Try to specify equally-spaced values with a small for the quantitative variable of
modeled trajectory (e.g., age) so that smooth curves could be plotted after the
analysis. See Examples in the help for a couple of specific tables used for predictions.

   -prefix PREFIX: Output file name. For AFNI format, provide prefix only,
         with no view+suffix needed. Filename for NIfTI format should have
         .nii attached (otherwise the output would be saved in AFNI format).

   -qVars variable_list: Identify quantitative variables (or covariates) with
         this option. The list with more than one variable has to be
         separated with comma (,) without any other characters such as
         spaces and should be surrounded within (single or double) quotes.
         For example, -qVars "Age,IQ"
         WARNINGS:
         1) Centering a quantitative variable through -qVarsCenters is
         very critical when other fixed effects are of interest.
         2) Between-subjects covariates are generally acceptable.
         However EXTREME caution should be taken when the groups
         differ substantially in the average value of the covariate.

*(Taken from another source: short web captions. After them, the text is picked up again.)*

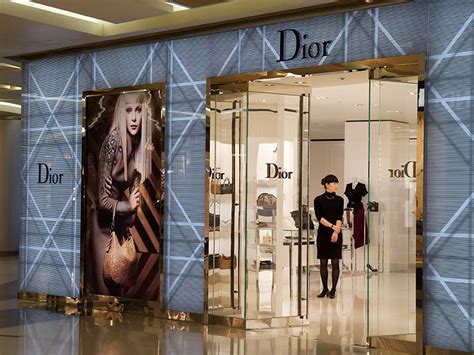 is dior under lvmh|is christian dior under lvmh.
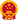 IDC/ISP/CDN电信增值证:B1-20253441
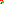 Destellos dst-2820709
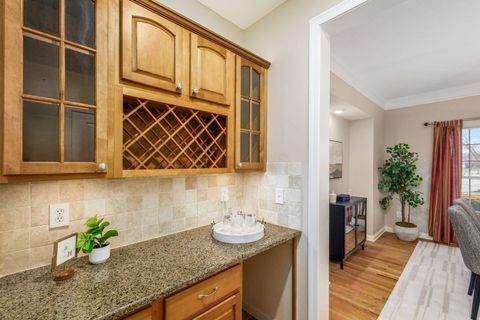 Tiny photo for 8356 Meadowmoore Boulevard, Pickerington, OH 43147 (MLS # 226000658)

   -ranEff FORMULA: Specify the random effect components of the model. The
         expression FORMULA with more than one variable has to be surrounded
         within (single or double) quotes. Variable names in the formula
         should be consistent with the ones used in the header of -dataTable.
         In the MSS context the simplest model is "list(Subj=~1)" in which the
         varying or random effect from each subject is incorporated in the model.
         Each random-effects factor is specified within parentheses per formula
         convention in R.

   -Rio: Use R's io functions. The alternative is -cio.

   -sdiff variable_list: This option is used to specify a factor for group comparisons.
         For example, if one wants to compare age trajectory between two groups through
         "s(age,by=group)" in model specification, use "-sdiff 'group'" to generate
         the predicted trajectory of group differences through the values provided in the
         prediction table under the option -prediction. Currently it only allows for one group
         comparison. Perform separate analyses if more than one group comparison is
         desirable. "  .

   -show_allowed_options: list of allowed options

   -vt var formulation: This option is for specifying varying smoothing terms. Two components
         are required: the first one 'var' indicates the variable (e.g., subject) around
         which the smoothing will vary while the second component specifies the smoothing
         formulation (e.g., s(age,subject)). When there is no varying smoothing terms (e.g.,
         no within-subject variables), do not use this option.